━━ MATERIAL FOR THIS EXERCISE
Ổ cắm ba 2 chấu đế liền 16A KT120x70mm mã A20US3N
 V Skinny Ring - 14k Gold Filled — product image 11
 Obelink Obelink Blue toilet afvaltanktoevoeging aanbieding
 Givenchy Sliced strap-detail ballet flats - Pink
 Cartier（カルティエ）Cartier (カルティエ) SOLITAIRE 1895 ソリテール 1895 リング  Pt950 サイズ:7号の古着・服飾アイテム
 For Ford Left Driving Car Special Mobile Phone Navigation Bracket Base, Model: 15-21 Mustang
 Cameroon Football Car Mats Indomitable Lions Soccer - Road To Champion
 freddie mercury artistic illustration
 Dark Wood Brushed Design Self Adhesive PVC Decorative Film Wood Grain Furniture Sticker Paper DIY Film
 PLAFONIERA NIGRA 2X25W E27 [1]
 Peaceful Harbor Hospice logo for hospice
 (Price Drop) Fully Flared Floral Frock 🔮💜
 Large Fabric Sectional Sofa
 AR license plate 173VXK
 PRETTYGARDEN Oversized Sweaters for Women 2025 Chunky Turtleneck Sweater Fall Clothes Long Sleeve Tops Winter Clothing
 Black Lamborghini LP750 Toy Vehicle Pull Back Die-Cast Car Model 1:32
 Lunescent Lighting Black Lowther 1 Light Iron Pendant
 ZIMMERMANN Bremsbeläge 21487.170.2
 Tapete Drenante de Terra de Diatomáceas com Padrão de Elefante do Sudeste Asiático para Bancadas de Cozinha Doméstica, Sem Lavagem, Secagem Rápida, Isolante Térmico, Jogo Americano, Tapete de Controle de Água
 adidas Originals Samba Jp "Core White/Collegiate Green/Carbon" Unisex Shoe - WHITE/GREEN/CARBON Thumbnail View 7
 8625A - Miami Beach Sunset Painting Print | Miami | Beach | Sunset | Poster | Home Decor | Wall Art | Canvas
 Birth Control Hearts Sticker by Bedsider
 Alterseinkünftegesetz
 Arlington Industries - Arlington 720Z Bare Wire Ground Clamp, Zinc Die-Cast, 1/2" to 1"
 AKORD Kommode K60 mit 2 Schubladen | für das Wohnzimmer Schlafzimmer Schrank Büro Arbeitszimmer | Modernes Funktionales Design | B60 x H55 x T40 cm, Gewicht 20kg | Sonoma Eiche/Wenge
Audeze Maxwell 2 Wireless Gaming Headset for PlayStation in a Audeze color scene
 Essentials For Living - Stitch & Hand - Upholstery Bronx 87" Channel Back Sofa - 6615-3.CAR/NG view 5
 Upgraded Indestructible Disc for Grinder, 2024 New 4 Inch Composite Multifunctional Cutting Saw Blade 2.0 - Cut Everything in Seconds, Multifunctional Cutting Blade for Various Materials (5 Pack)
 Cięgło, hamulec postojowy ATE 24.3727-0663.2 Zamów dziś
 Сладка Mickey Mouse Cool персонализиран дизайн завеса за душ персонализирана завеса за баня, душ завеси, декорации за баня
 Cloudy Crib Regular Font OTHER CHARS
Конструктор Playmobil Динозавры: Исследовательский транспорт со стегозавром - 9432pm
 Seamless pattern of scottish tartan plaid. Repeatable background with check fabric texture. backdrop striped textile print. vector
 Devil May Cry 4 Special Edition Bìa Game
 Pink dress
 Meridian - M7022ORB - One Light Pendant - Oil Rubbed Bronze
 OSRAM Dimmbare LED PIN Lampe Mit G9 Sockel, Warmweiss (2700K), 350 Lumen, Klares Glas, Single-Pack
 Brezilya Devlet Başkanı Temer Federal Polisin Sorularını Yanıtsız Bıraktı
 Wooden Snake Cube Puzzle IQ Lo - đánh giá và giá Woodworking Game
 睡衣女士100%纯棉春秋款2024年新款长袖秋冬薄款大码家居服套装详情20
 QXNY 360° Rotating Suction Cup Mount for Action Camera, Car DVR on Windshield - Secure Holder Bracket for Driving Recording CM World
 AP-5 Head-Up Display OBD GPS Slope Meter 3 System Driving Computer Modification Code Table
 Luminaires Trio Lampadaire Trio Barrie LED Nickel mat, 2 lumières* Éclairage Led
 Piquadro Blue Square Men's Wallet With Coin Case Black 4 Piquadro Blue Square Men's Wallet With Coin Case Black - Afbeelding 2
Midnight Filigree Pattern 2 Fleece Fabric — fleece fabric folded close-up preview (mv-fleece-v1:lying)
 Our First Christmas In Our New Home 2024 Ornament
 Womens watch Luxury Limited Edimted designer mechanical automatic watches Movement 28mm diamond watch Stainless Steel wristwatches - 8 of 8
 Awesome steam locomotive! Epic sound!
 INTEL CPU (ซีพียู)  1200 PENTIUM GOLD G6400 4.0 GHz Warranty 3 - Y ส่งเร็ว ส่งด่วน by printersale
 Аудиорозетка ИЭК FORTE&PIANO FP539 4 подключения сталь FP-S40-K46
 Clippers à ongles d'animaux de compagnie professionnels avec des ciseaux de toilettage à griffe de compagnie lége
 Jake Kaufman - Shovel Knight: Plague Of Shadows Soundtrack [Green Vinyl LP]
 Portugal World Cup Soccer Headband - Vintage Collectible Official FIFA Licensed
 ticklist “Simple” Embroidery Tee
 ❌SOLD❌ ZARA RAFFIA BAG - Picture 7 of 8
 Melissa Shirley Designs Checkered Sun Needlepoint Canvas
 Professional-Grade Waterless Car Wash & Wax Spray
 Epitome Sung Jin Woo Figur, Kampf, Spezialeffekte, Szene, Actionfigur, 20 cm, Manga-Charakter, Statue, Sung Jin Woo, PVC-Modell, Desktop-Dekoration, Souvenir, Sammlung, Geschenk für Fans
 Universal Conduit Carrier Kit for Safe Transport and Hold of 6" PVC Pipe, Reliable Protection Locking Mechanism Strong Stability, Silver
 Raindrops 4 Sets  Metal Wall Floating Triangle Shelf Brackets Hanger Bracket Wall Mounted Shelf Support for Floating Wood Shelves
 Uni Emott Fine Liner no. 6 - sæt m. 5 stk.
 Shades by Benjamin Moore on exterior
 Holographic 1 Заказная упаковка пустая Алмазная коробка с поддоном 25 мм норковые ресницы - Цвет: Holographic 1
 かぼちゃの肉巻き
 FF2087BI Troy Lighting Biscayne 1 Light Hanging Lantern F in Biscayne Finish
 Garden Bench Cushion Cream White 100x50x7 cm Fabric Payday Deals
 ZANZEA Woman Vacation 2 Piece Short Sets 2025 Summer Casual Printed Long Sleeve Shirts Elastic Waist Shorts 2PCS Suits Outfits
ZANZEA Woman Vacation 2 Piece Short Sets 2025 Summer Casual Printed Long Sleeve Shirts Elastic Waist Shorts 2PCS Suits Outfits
━━━━
* **AIM OF THE EXERCISE**
Working through the entries above, copy every line in which "Shorts" is found.

* **RESULT OF THIS EXERCISE**
 ZANZEA Woman Vacation 2 Piece Short Sets 2025 Summer Casual Printed Long Sleeve Shirts Elastic Waist Shorts 2PCS Suits Outfits
ZANZEA Woman Vacation 2 Piece Short Sets 2025 Summer Casual Printed Long Sleeve Shirts Elastic Waist Shorts 2PCS Suits Outfits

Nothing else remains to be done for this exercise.